[[ GIVEN MATERIAL, beginning ]]

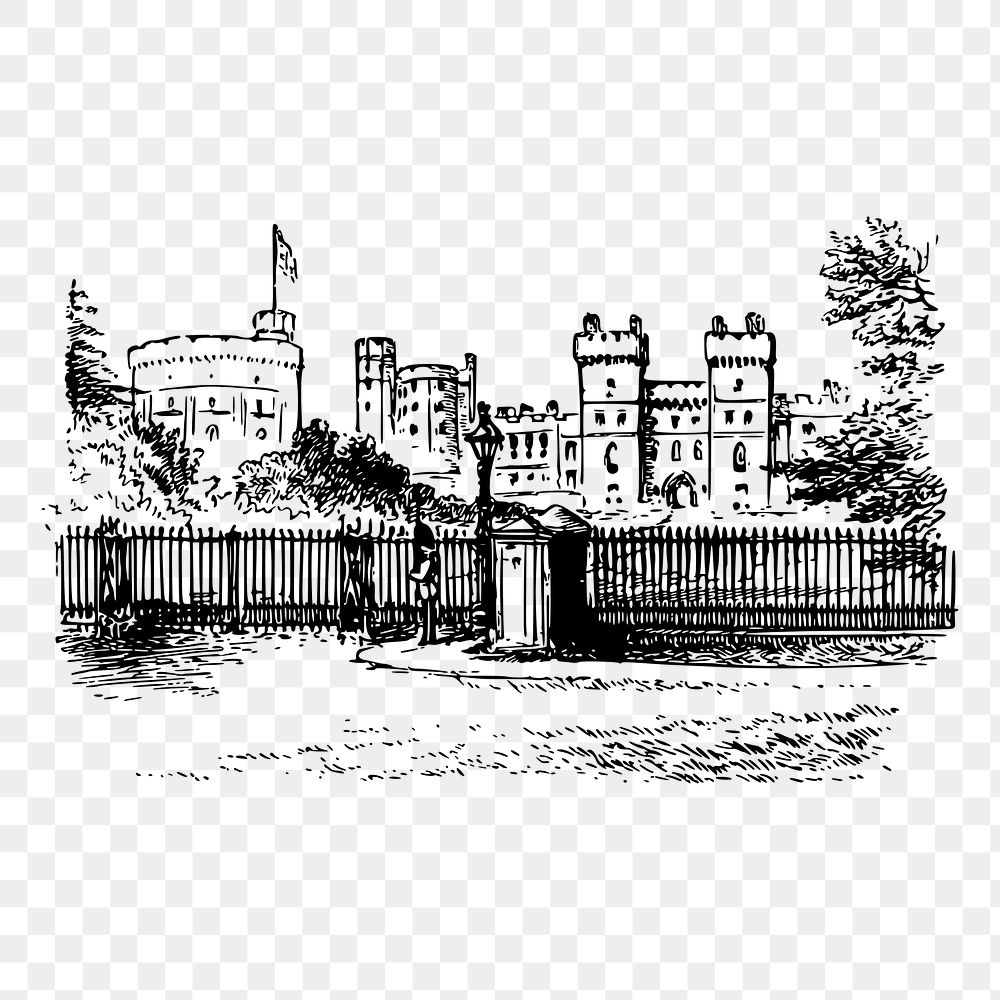 Windsor Castle  png sticker illustration, transparent background. Free public domain CC0 image.
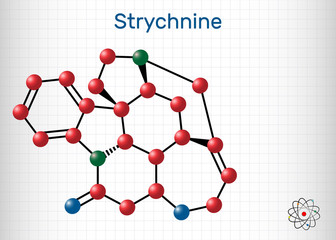 Strychnine, C21H22N2O2,  molecule. It is monoterpenoid indole alkaloid, is from the seeds of the Strychnos nux-vomica tree. Used for destroying rodents. Sheet of paper in a cage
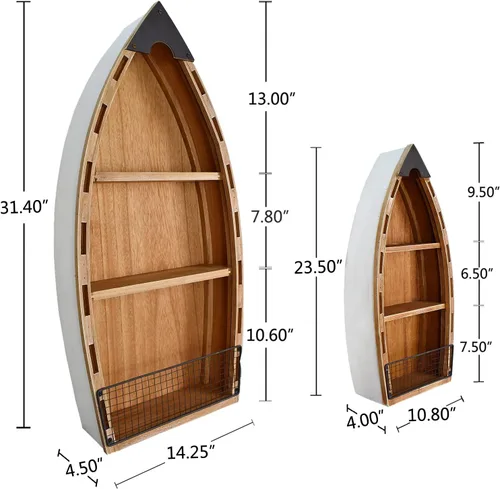 Vista 3 de Juego de 2 estantes de madera para barco, decoración de pie, canoa náutica para colgar en la pared para playa, baño, sala de estar, bebé, cuarto
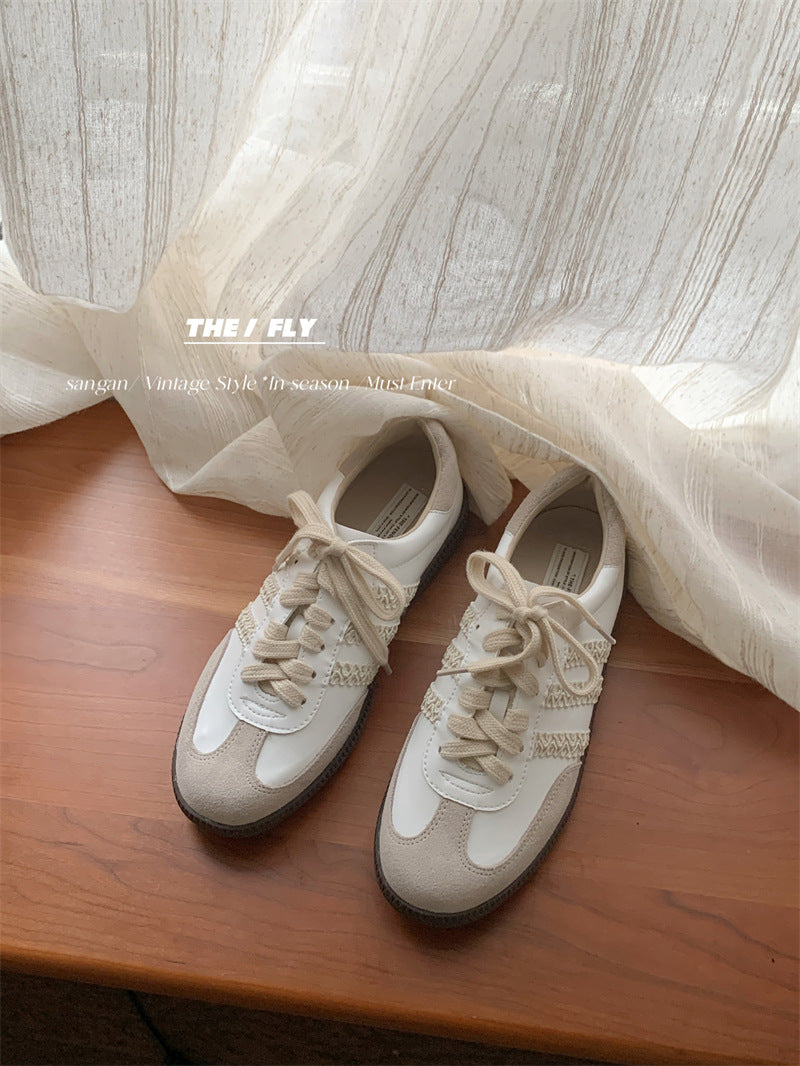 Women's German Training Large Collection Three Bars Cowhide Stitching Leisure Casual Shoes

[[ GIVEN MATERIAL, end ]]

- EXERCISE
Take every line of the material and copy it exactly, leaving out the pictures.

- ANSWER SECTION
 Windsor Castle  png sticker illustration, transparent background. Free public domain CC0 image.
 Strychnine, C21H22N2O2,  molecule. It is monoterpenoid indole alkaloid, is from the seeds of the Strychnos nux-vomica tree. Used for destroying rodents. Sheet of paper in a cage
 Vista 3 de Juego de 2 estantes de madera para barco, decoración de pie, canoa náutica para colgar en la pared para playa, baño, sala de estar, bebé, cuarto
 Women's German Training Large Collection Three Bars Cowhide Stitching Leisure Casual Shoes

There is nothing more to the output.